The remote doctor, can it ever work?

UNICEF child doctor

UNICEF/Dejongh A little girl being vaccinated in the town of Bouaké, in Côte d’Ivoire. Immunization in the country is free for children bellow one year old, but three out of five children do not get vaccinated before their first birthday.

This article was exclusively written for the Sting by Mr Haris Čampara, Student at Medical faculty, University of Sarajevo, Bosnia and Herzegovina. Hee is affiliated to the International Federation of Medical Students Associations (IFMSA).
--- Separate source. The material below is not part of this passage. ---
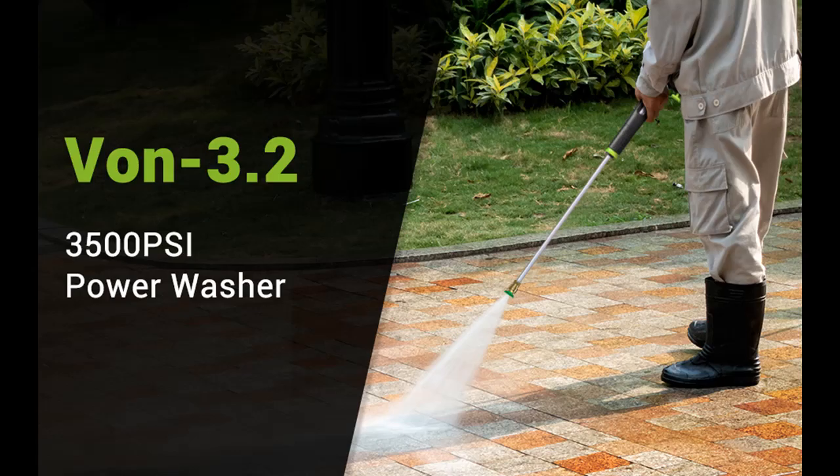The 16.9 oz. soap tank allows you to wash your car or porch with rich bubbles, giving you much better cleanliness.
However, the opinions expressed in this piece belong strictly to the writer and do not necessarily reflect IFMSA’s view on the topic, nor The European Sting’s one.

In times of ever-growing technology, one can’t help but wonder, if the framework of the machines will ever catch up to the mind of a human. One of the biggest questions is, „Could a machine use its learning algorithms to master medicine?“.

Either by using inductory or deductory thought process, could machine ever become as sophisticated as a human being? To be honest, machine is way more capable than human in terms of memory, and even data processing. In reality, they are more cost efficient, and more likely to discover diagnosis and administer the right treatment.

By connecting to the internet, a robot could instantly download all the latest guidelines that are necessary for uniform treatment. In the event of surgery, no human can ever be as efficient as a robot, since it is not limited by fatigue and has finer motor control and sensor input. However, in terms of surgery, a robot will never be able to recognize all the possible complications that may arise in surgery, and in its attempt to fix things, it can potentially hack and slash at at a patient killing him instantly.

When it comes to bedside manner, a robot is a cold dead machine. You can try programming it to be empathetic, but all people realize in the end that they are talking to themselves. Human medical staff prevents feelings of abandonment and speeds up patient recovery, while in case terminal patient, a robot could provide a little comfort and empathy needed to ease the passing away.

So let’s talk about humans. Easily distracted, easily fatigued and less cost efficient, but then again fellow humans. No machine can ever understand a human, like a fellow human can. So how could we use machines/robots in medical field? Well, it’s simple. We use them like tools, just like we always used tools.

Objects designed to make work easier. We can always have a robot suggesting us a diagnosis, or assisting in surgery. Remote control is something that all of the civilized world is familiar with, and thus in surgery, a surgeon can save a lot of time and energy manipulating operating robot.

When it comes to prescribing therapy, a robot can always give us suggestions, based on latest guidelines, or even suggest the preventive measures based on the input we give it regarding the patient. This would not only make medicine a lot better, but also it is not very expensive and it is possible with current technological achievements.

Even at home, we can have robots, that can be remotely accessed by a fellow human doctor, who will figure out a diagnosis, administer therapy,  or even help with patient rehabilitation. The goal is to use the machines and all of their inherent advantages, to make life easier for both, patient and doctor, while providing the best medical care possible. It is a new era, and we have to make the most of it.

About the author

My name is Haris Čampara. I am 24 year old student attending 6th year of medical studies in Sarajevo, Bosnia and Herzegovina. At BoHeMSA, my NMO, I proudly serve as a  LORP. I have a lot of love for anything regarding human rights and peace and strive to make myself bigger person, and the world a better place for us all.